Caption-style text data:
++++
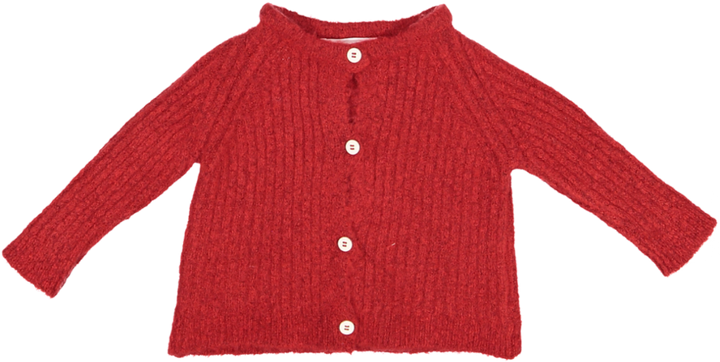 2064-BABY CARDIGAN INUK RIBBED-RED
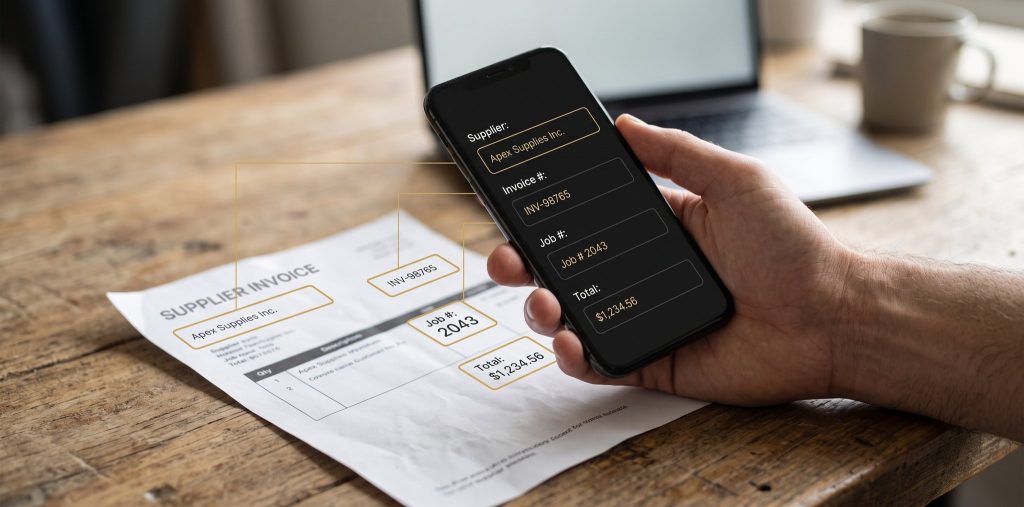 Phone app reading a paper supplier invoice and extracting the supplier, invoice number, job number and total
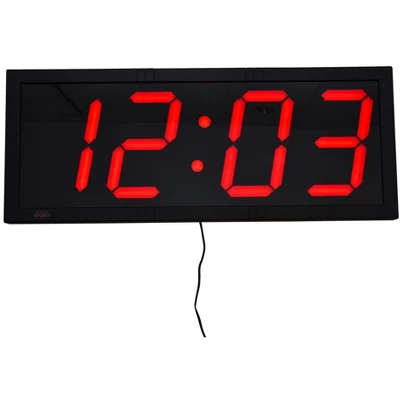 School Smart Large LED Wall Clock With Remote Control, 28 X 11-1/4 Inches 1 School Smart Large LED Wall Clock With Remote Control, 28 X 11-1/4 Inches
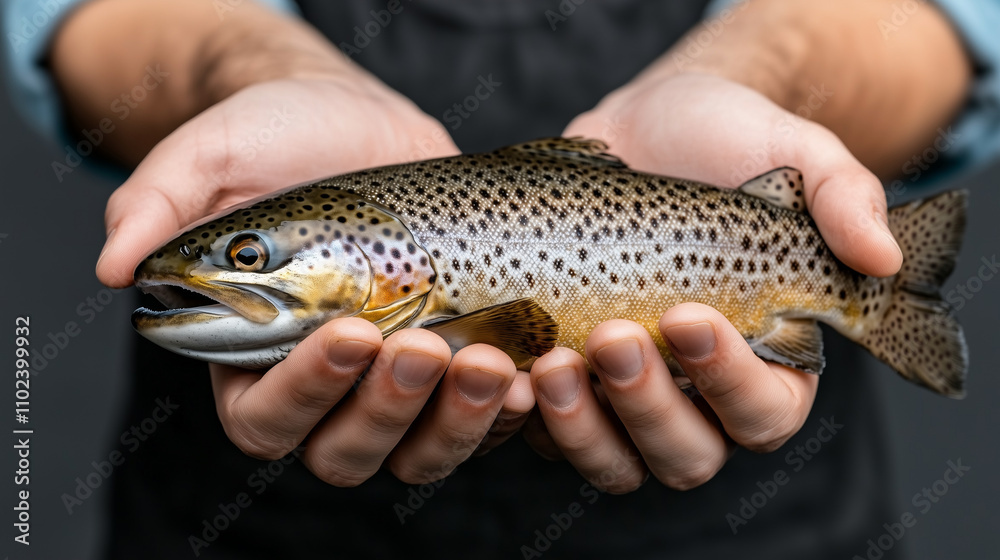 Fresh trout held in hands, Whole fish with detailed scales, Raw trout displayed for culinary preparation Fresh trout held in hands, Whole fish with detailed scales, Raw trout displayed for culinary preparation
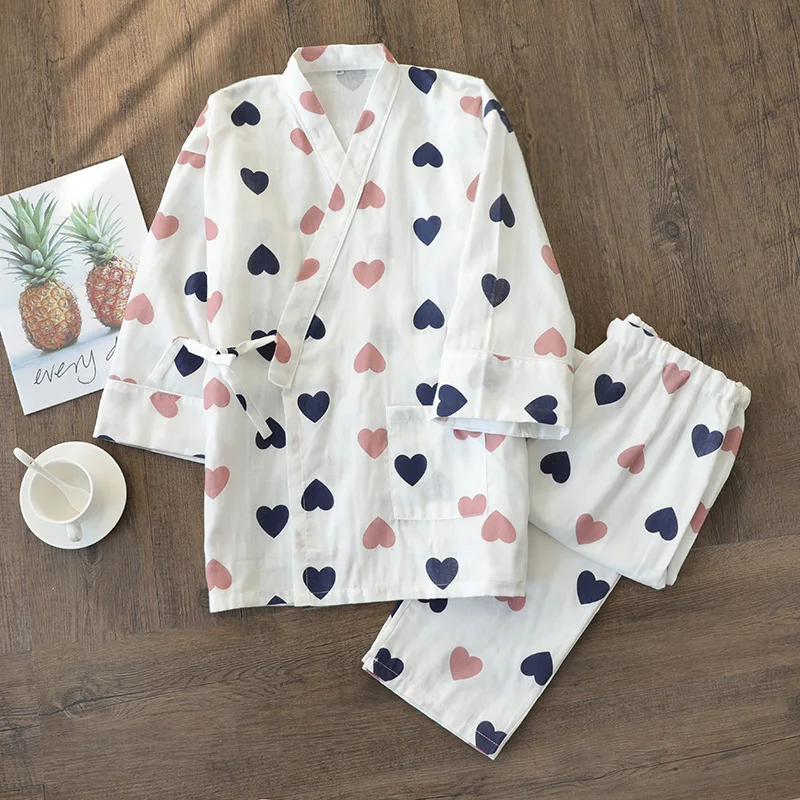 Japanese kimono Cotton Women Pajamas Sets Pyjama Cute Cartoon Button Top+Pants 2Pcs /lot Pijama Sleepwear Lounge Wear | Женская одежда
++++
== WHAT TO PRODUCE ==
With all pictures omitted, repeat every record above word for word.

== SOLUTION ==
 2064-BABY CARDIGAN INUK RIBBED-RED
 Phone app reading a paper supplier invoice and extracting the supplier, invoice number, job number and total
 School Smart Large LED Wall Clock With Remote Control, 28 X 11-1/4 Inches 1 School Smart Large LED Wall Clock With Remote Control, 28 X 11-1/4 Inches
 Fresh trout held in hands, Whole fish with detailed scales, Raw trout displayed for culinary preparation Fresh trout held in hands, Whole fish with detailed scales, Raw trout displayed for culinary preparation
 Japanese kimono Cotton Women Pajamas Sets Pyjama Cute Cartoon Button Top+Pants 2Pcs /lot Pijama Sleepwear Lounge Wear | Женская одежда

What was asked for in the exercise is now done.